Seja um imperador como Marco Aurélio ou um escravo como Epicteto, o sábio será o mesmo no que se refere à compreensão perfeita das coisas e à impassibilidade diante das dificuldades da vida. No entanto, suas atitudes podem ser diferentes, em razão das diversas circunstâncias de cada um, mas as ações são igualmente virtuosas e sábias.

O sábio, na condição de escravo, vai agir virtuosamente como um escravo, e um imperador, como imperador, diante dos desafios de cada momento.

Então, não existe, externamente falando, algo que possa diferenciar o sábio de uma pessoa comum. Nesse sentido, o sábio não será necessariamente mais bem-sucedido profissional ou financeiramente que as outras pessoas. Se um ex-escravo e um imperador podem ser considerados aptos à sabedoria, qualquer outra pessoa também pode.

A Sabedoria estoica nos dias de Hoje

“É preciso conciliar nossa vontade com os acontecimentos de tal maneira que nenhum fato ocorra contra nossa conveniência, e que também não haja nenhum evento que ocorra quanto não o desejamos. A vantagem para aqueles que estão assim prevenidos é de não falhar em seus desejos, de não se deparar com o que detestam, de viver uma vida sem dificuldades, sem temor e sem perturbação.”

Em minha humilde concepção, não vamos encontrar a sabedoria hoje em dia naquela construção  fantasiosa de um velho barbudo retirado nas montanhas. A sabedoria está em melhorar nos pequenos e nos grandes desafios da vida cotidiana. É a paciência diária com os familiares, é contribuir enquanto pessoa na comunidade, é aceitar que muitas coisas estão além do nosso controle e conviver bem com isso.

Para muitas pessoas hoje em dia, a ideia de não se deixar levar pelos desejos, de não se perturbar com catástrofes, de buscar manter a serenidade e a tranquilidade mesmo diante das maiores dificuldades da vida, pode parecer loucura.
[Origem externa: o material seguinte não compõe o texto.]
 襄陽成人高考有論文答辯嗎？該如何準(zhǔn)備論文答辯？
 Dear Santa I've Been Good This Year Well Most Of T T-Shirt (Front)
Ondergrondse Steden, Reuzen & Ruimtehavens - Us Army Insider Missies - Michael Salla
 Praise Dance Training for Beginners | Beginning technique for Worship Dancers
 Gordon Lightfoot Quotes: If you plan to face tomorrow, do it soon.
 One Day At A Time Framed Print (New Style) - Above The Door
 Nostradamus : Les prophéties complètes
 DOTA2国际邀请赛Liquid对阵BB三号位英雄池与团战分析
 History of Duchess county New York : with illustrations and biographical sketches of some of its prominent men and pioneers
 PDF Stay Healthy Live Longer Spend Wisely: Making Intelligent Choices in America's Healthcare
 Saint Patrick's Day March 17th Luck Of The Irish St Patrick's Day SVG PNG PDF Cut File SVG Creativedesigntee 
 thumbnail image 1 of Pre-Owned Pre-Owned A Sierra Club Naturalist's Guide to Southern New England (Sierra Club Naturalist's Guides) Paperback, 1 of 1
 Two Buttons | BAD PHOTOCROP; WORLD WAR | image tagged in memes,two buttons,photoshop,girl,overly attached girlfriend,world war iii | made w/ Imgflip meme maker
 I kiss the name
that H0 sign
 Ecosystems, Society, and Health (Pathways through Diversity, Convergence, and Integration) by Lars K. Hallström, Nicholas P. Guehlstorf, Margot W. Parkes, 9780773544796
Assim, a Sabedoria, aos olhos da maioria, é algo inatingível, pois repousa numa visão de mundo, numa cosmologia cuja compreensão íntima requer um esforço teórico e prático fora do comum. No entanto, é exatamente por este motivo que a Sabedoria Estoica se diferencia dos discursos usuais. 

Para o estoico moderno, agir com sabedoria não é algo tão distante, e a oportunidade desta ação virtuosa pode ser encontrada ainda hoje, em uma situação que normalmente nos deixaria magoados, preocupados ou raivosos. Aí é que mora a oportunidade de pequenas ações feitas com Sabedoria. 

Se vamos chegar um dia a ser o sábio estóico, não é um problema de hoje. Neste momento, nossa questão é apenas ser sábio agora!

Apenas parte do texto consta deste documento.